Recent reports have revealed that the Qatar Investment Authority and Lufax, China's biggest online lender, are in advanced stages of talks about the possibility of investment. People who have insider knowledge of the deal have pointed out that the sovereign wealth fund is very keen to tap the world's second-largest economy in order to further boost its investment portfolio.

The Qatar Investment Authority has been discussing the possibility of an investment deal with Lufax for quite some time already. The wealth fund is planning to purchase a minority stake in Lufax which is an arm of the Chinese company Ping An Insurance Group Co. People with insider information about the ongoing negotiations revealed that Qatar Investment Authority could spend at least $500 million to seal the deal, and can spend up to $1 billion.

Despite the lack of a statement from both Lufax and Qatar Investment Authority, details of the ongoing negotiation have leaked to several media outlets. Some observers have said that the deal could be finalized and officially announced within the next few weeks. Prior to talks about the possible investment, Lufax completed a fundraising campaign in 2016 which raised the company's value to $18.5 billion.

Ping An, Lufax's parent company and China's largest insurer in terms of market value, has been aggressively pushing technological advancements in order to improve its insurance, banking, and asset management businesses more competitive in the ever-changing world of finance.
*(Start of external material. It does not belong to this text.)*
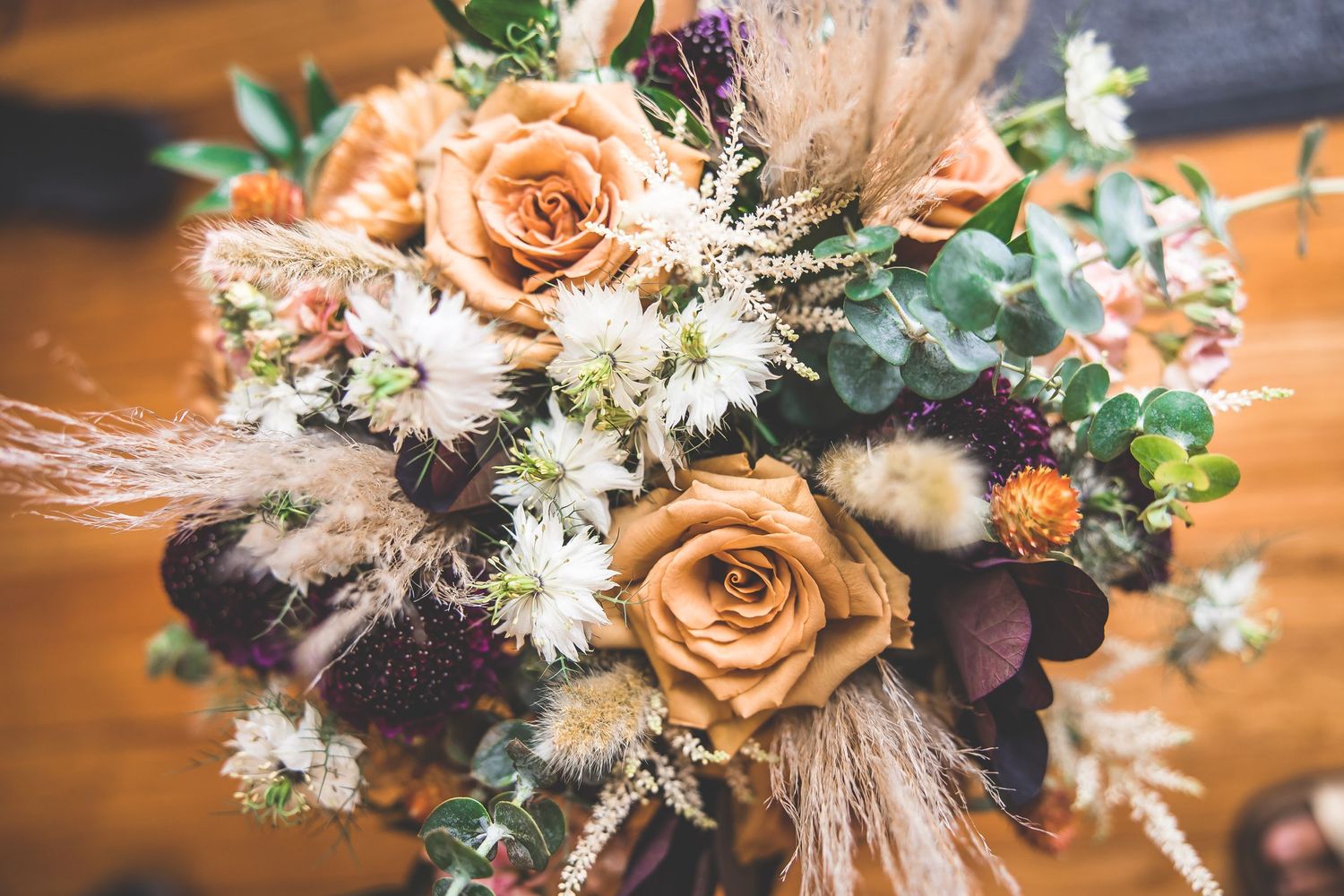 Elegant wedding bouquet featuring peach roses and mixed flowers on wooden surface.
As part of Ping An's expansion to other industries, the company started to diversify its business to cover the sale of online banking platforms and facial recognition technologies which the company peddles to other financial firms in China and around the world as well. One of Ping An's top executives has stated that the company aims to generate at least half of its total earnings from its technology sector.
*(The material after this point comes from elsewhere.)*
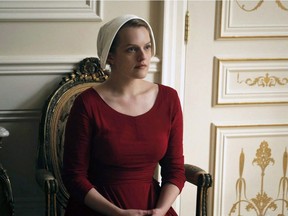 This image released by Hulu shows Elisabeth Moss as Offred in a scene from, "The Handmaid's Tale. Hulu announced Wednesday that the series based on Margaret Atwood's award-winning dystopian novel has been renewed for a second season. THE CANDIAN PRESS, AP- George Kraychyk/Hulu ORG XMIT: CPT106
Despite the mostly positive tone of the current negotiations between the Qatar Investment Authority, some observers stated that it should be viewed with extreme carefulness. Some believe that there are still minor parts of the deal that the two companies have been unable to iron out, something that could lead the deal to at least delay if not fall apart.

The Qatar Investment Authority was created in 2006. The firm's primary role during its inception was to handle the country's windfall from its own liquefied natural gas sales. Since its establishment, the firm has put together a diverse set of investments which include supermarkets, department stores, energy companies, and real estate.